Berlin & Los Angeles


Re-Generation: A Sub-Branding Story.

Sub-branding can position your company to take on a new market with an altered identity. kulturspace recently worked with AOK to relaunch their sub-brand AOK International Service to do just that.

It’s expensive and time consuming to create a brand. When diversifying or expanding, creating a sub-brand can be the alternative to launching a completely new brand or stretching your current identity. Developing a sub-brand can be an effective way to make the most of your current brand while expanding to a new market or audience. 

A sub-brand is simply a secondary brand within the overall concept of the main brand, but with a different focus and different audience. When Toyota launched the Lexus brand it wanted to create a new perception and new identity. A sub-brand would not have succeeded – Toyota needed to launch a new brand to attract the market they were aiming for with the more luxurious Lexus vehicles. 

Diet Coke is the classic example of a highly successful sub-brand. Coca-Cola is its own entity. For decades, Coke developed its identity and branding. When it was launched, Diet Coke took advantage of the new market for diet sodas while maintaining the same core from the parent company. Diet Coke developed its own image, it’s own reputation. The ad campaigns were different. Purposefully or not, Diet Coke began to be seen as Coke for women. Coke Zero was launched as another sub-brand to capture the male market of calorie free soda drinkers with a black can and a different identity again still based on the brand identity developed for over a century by its parent, Coca-Cola. 

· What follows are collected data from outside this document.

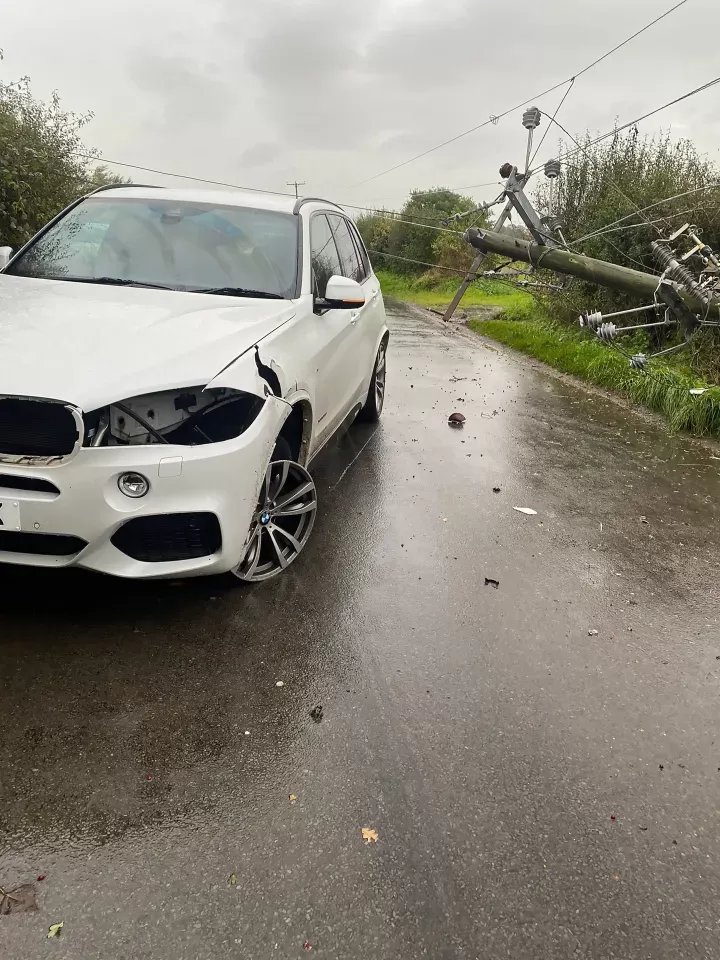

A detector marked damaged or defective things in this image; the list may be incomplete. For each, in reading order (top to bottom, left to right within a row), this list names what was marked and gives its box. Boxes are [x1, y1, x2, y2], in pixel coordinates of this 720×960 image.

broken wooden pole [462, 227, 720, 320]
missing headlight [84, 386, 264, 446]
exposed headlight housing [84, 386, 264, 446]
damaged front bumper [0, 396, 288, 580]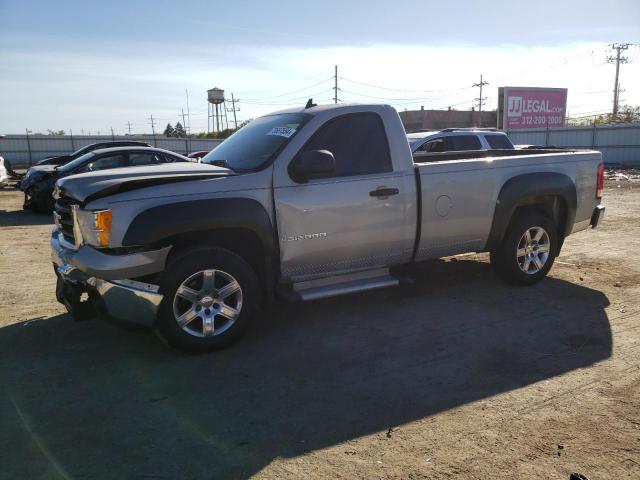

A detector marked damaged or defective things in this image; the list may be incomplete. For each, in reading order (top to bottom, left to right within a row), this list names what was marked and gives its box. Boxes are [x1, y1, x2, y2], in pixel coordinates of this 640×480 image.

damaged front bumper [50, 229, 170, 326]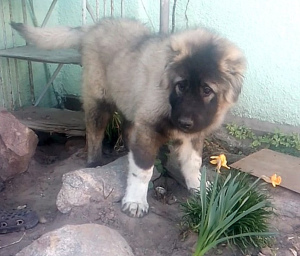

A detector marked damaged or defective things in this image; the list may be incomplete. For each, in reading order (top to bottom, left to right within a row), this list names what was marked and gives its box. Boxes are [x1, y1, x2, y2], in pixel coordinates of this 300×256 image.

rusty metal bar [41, 0, 57, 27]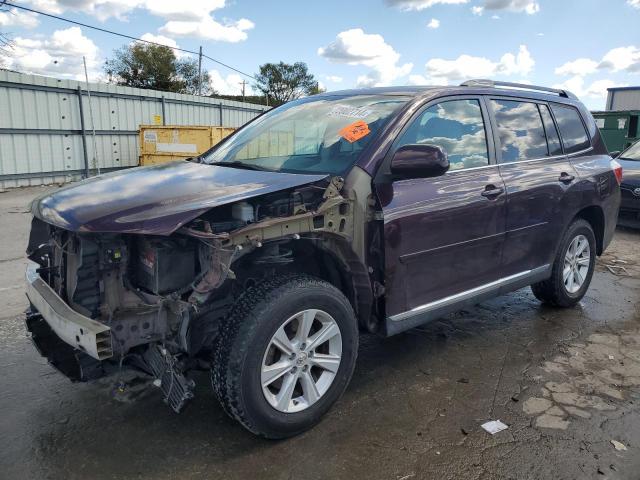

That’s the key: to succeed, a sub-brand needs to capitalise on the reputation and strength of the parent brand while diversifying and expanding into a new market and new audience.  

When the major German insurance company AOK approached kulturspace to better brand the sub-brand of AOK International Service, the challenge was clear. As one of the major names in insurance in Germany, the reputation and identity of AOK had to be maintained, but in a new way to speak to the audience of AOK International Service – the growing international expat community in Berlin and Germany. 

Initially kulturspace started by analysing the differences of the traditional AOK audience and the younger, international crowd of the expats. When those differences had been found, the brand story of AOK had to be realigned to connect with that audience. Parts of the old branding could be extended but only if it was inline with the story of the new brand. 

Visual and written language was developed along with other concepts in the initial stage. The second phase was to start mixing it up in a collaborative process with the client. The kulturspace team redeveloped the website and completed a photoshoot at the AOK International Service to bring the visual elements of the story into alignment. The key visual element of the sub-branding was the logo. The tricky part was maintaining the balance of the identity of AOK and the new aspect of the sub-brand. 

The international aspect of the sub-brand and the Berlin location were pinpointed as being essential. Several versions were developed with before the perfect balance was found. The final new logo kept a few smaller details like the AOK leaves and their typography, then developed the rest from the creative brainstorming sessions.

The goal from the AOK perspective was to launch the sub-brand to connect with the growing expat community in Berlin. A new look and a fresh approach, a realignment of the brand story, connects with the target audience in a way that both capitalises on the trusted AOK brand but with a fresh approach for the sub-brand.